Workflow team operations

The purpose of this twiki page is to document some of the procedures I follow when dealing with Workflow team issues, please copy and paste them to any correct location in the Workflow team twikis.

Missing files not injected in DBS

For some reason, the WMAgent has been acting up lately and decided to ignore some of the locations when injecting files into dbsbuffer from the JobAccountant. Fortunately, the remedy is easy and works 99.75% of the time.

1. How to identify the problem?

Some files appear in the workflow summary but not in DAS, and there are missing events in the output of a workflow. To confirm that this is related to this problem you'll need to go to the WMAgent that processed the request you are concerned about and do:

$manage mysql-prompt wmagent # Open the SQL interface
#Inside the SQL prompt
SELECT * FROM dbsbuffer_file WHERE status = 'READY' AND block_id is NULL;

If the previous query return any results then there is a problem and you should execute the remedy script.

2. The remedy script

Depending whether the WMAgent is Oracle or MySQL there are two scripts for this, they are in this gist.

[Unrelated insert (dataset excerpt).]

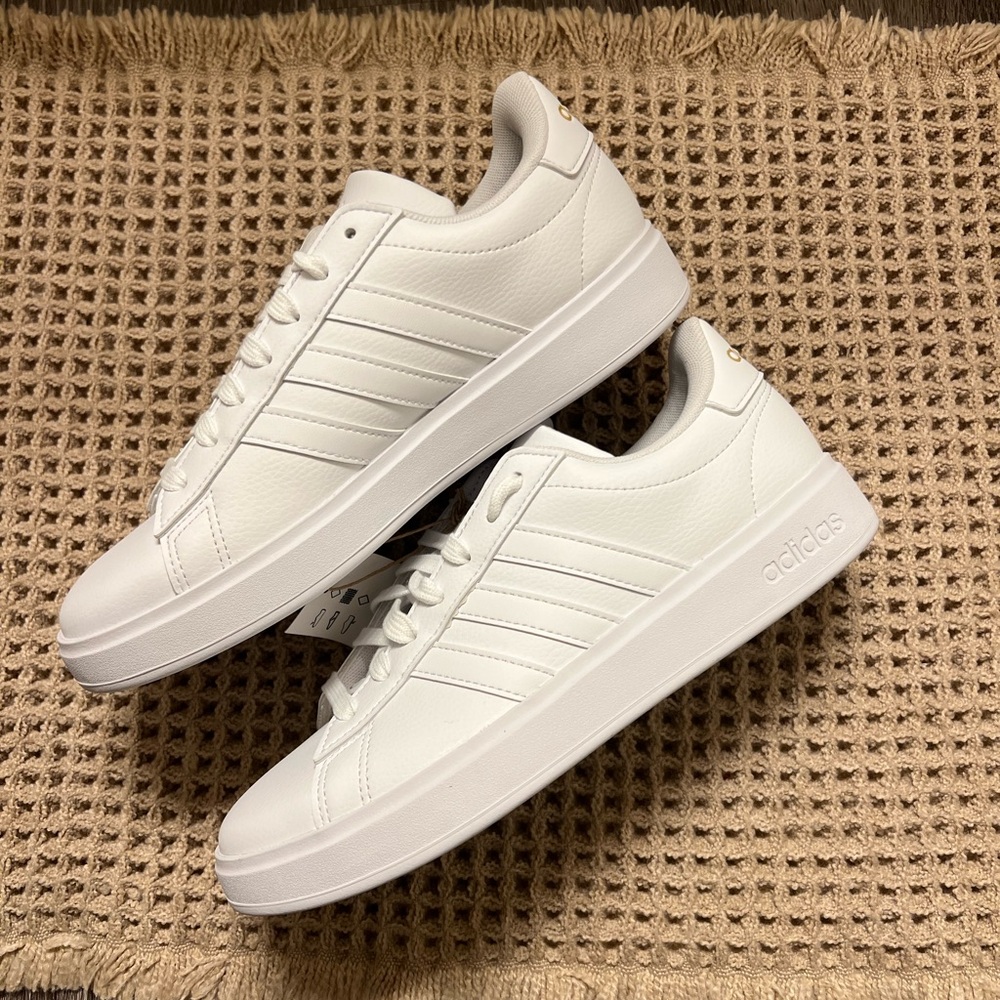 adidas White Grand Court 2.0 Sneakers with Gold Accent - Picture 5 of 12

The script usage is:

cmst1
source /data/admin/wmagent/env.sh
source /data/srv/wmagent/current/apps/wmagent/etc/profile.d/init.sh
python <locationToScript>/fixLimboFiles_mysql.py # or
python <locationToScript>/fixLimboFiles_oracle.py

3. What about the last 0.25% of the time?

The script should fix most of the files but some of them won't have location information in CouchDB due to the known couch problems. These files will be printed out by the script with lines like:

Could not find location for /store/mc/Summer11/ZH_HToTauTau_M-100_lepdecay_7TeV-pythia6-tauola/GEN-SIM/START311_V2-v1/00000/CA6863B9-28E9-E211-AEBA-003048D41148.root

In that case something that should work is doing the following, in LXPLUS5:

source /afs/cern.ch/cms/LCG/LCG-2/UI/cms_ui_env.sh
voms-proxy-init -voms cms
xrd xrootd.unl.edu
root://xrootd.unl.edu:1094//> locateall /store/mc/Summer11/ZH_HToTauTau_M-100_lepdecay_7TeV-pythia6-tauola/GEN-SIM/START311_V2-v1/00000/CA6863B9-28E9-E211-AEBA-003048D41148.root

If the file exists in a xrootd published location, it will print something like:

------------- Location #1
InfoType: kXrdcLocDataServer
CanWrite: true
Location: '148.6.8.143:11000'

Then we have the IP address of the SE, so we can do a domain lookup:

host 148.6.8.143 # or
nslookup 148.6.8.143

This will leads to the hostname which in the example is: grid143.kfki.hu. So we know it is a site in Hungary, and we can find there is only one for CMS in SiteDB which is T2_HU_Budapest. So we can safely link the file to this site in the database. This is done with the following queries:

# First find the SE registered for the site
SELECT se_name FROM wmbs_location_senames WHERE location = (SELECT id FROM wmbs_location WHERE site_name = 'T2_HU_Budapest')
# If there are many, just take your favorite one. Then register the file to that SE in DBSBuffer
INSERT INTO dbsbuffer_file_location (filename, location)
                           SELECT df.id, dl.id
                           FROM dbsbuffer_file df,  dbsbuffer_location dl
                           WHERE df.lfn = '/store/mc/Summer11/ZH_HToTauTau_M-100_lepdecay_7TeV-pythia6-tauola/GEN-SIM/START311_V2-v1/00000/CA6863B9-28E9-E211-AEBA-003048D41148.root'
                           AND dl.se_name = 'grid143.kfki.hu'

Finally set the file back to NOTUPLOADED so the DBSUpload component picks it up:

UPDATE dbsbuffer_file SET status = 'NOTUPLOADED' WHERE lfn = '/store/mc/Summer11/ZH_HToTauTau_M-100_lepdecay_7TeV-pythia6-tauola/GEN-SIM/START311_V2-v1/00000/CA6863B9-28E9-E211-AEBA-003048D41148.root'

4. What if the file is not in xrootd?

Then we are doomed, feel free to despair and run in circles. Or better, since that file can't be recovered mark it as so in the DBSBuffer and it will be ignored by the system. You could do the following:

UPDATE dbsbuffer_file SET status = 'LOST' WHERE lfn = '/store/mc/Summer11/ZH_HToTauTau_M-100_lepdecay_7TeV-pythia6-tauola/GEN-SIM/START311_V2-v1/00000/CA6863B9-28E9-E211-AEBA-003048D41148.root'

You must note the fact that a file was lost when analyzing the output of the workflow, although that file doesn't appear in DBS or PhEDEx so no further action is needed on those fronts.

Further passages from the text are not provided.